Wider than at \(x_h = 6\), because we're farther from \(\bar{x} = 5\). The bowtie opens up.

Common Mistakes

  • Using a confidence interval when you need a prediction interval: If someone asks "what score will this student get?", you need a prediction interval. If they ask "what's the average score for students who study 6 hours?", you need a confidence interval. The first is about an individual; the second is about a population average.
  • Extrapolating confidently: The bands widen for a reason. Predicting at \(x_h = 20\) hours with data from 2–8 hours is reckless. The formula will give you a number, but the model has no idea if the linear relationship holds that far out.
  • Forgetting the prediction interval has a floor: No amount of data makes the prediction interval vanish.

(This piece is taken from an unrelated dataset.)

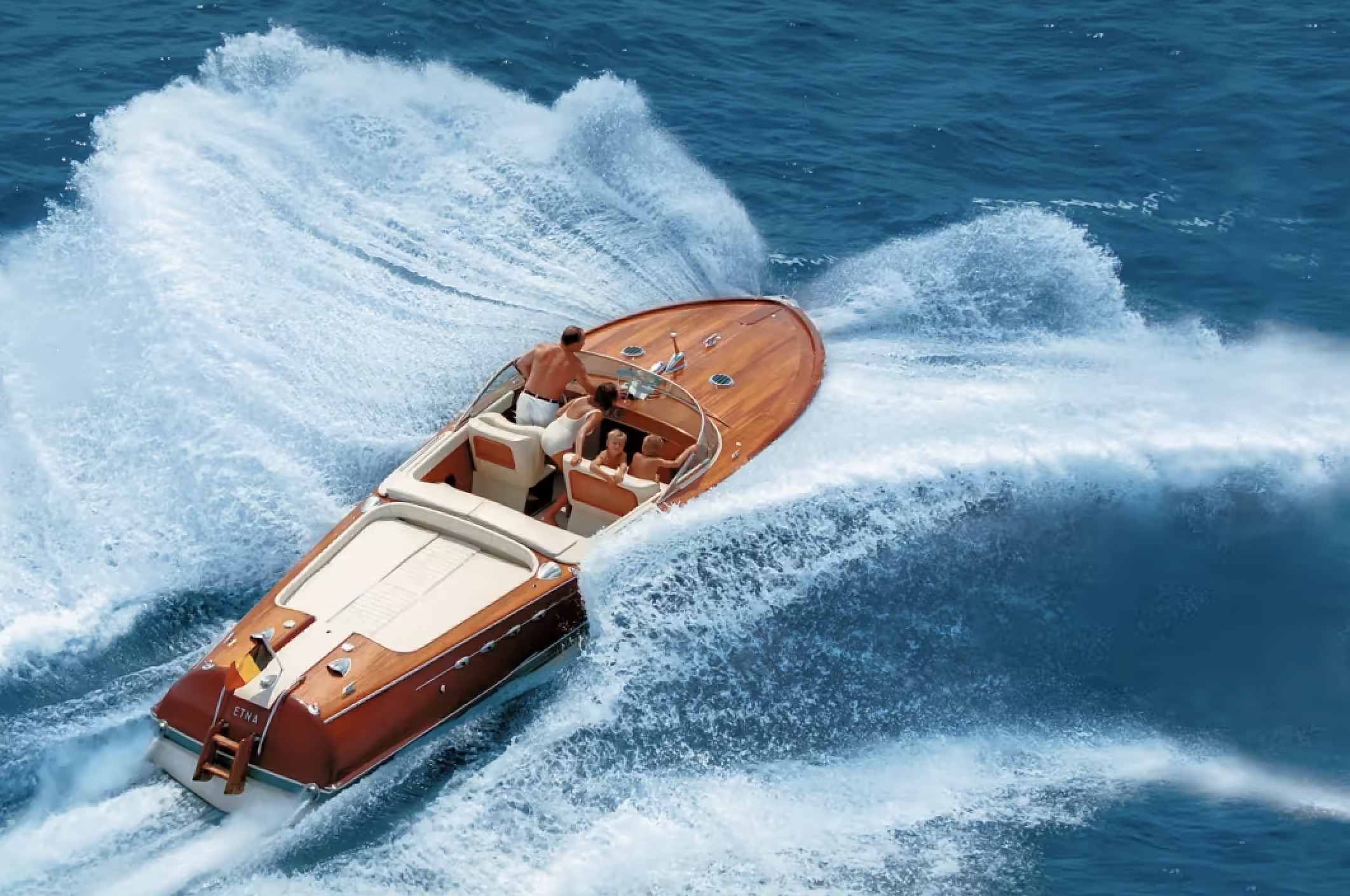 Klassisches Holzboot von Riva mit Z-Antrieb.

There's always \(\sigma^2\) of irreducible uncertainty. If \(\sigma\) is large, your model might be "correct" but still not very useful for individual predictions.
  • Thinking narrow confidence bands mean good predictions: You can have razor-thin confidence bands (you know the mean precisely) and still have wide prediction bands (individuals scatter a lot). These are separate questions.

History

  • 1805–1809 — Legendre and Gauss develop least squares, but the focus is on point estimates — how to find the "best" line, not how uncertain it is
  • 1821–1823 — Gauss derives the variance formulas for the estimators, giving us the tools to quantify uncertainty in regression
  • 1908 — Gosset's t-distribution makes small-sample inference possible — crucial because early regression applications often had tiny datasets
  • 1930s — Working and Hotelling independently derive the confidence bands for the entire regression line — the mathematical basis for the bowtie shape. Working showed that the simultaneous confidence band for the entire line requires the \(F\)-distribution, not just pointwise \(t\)-intervals

References

  • Kutner, M. H., et al. (2004). Applied Linear Statistical Models, 5th ed.
  • Weisberg, S. (2014). Applied Linear Regression, 4th ed.
  • Working, H. & Hotelling, H. (1929). "Applications of the Theory of Error to the Interpretation of Trends." J. Amer. Statist. Assoc.